Work to be completed:
Nothing outside the range is wanted. Repeat exactly the lines below from the one with "Comfortable Cottage Rental" through the one with "18 Maple Place, Huntington, NY 11743".

Data listing:
###
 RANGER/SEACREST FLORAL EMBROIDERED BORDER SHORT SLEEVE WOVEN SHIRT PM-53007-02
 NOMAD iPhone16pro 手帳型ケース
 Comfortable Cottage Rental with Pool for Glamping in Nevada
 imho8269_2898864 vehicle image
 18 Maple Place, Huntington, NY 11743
###
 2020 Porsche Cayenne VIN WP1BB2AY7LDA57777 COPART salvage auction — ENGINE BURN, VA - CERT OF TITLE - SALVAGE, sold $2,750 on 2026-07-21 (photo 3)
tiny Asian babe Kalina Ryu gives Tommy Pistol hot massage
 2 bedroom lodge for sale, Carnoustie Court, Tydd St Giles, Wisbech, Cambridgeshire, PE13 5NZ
###
Answer:
 Comfortable Cottage Rental with Pool for Glamping in Nevada
 imho8269_2898864 vehicle image
 18 Maple Place, Huntington, NY 11743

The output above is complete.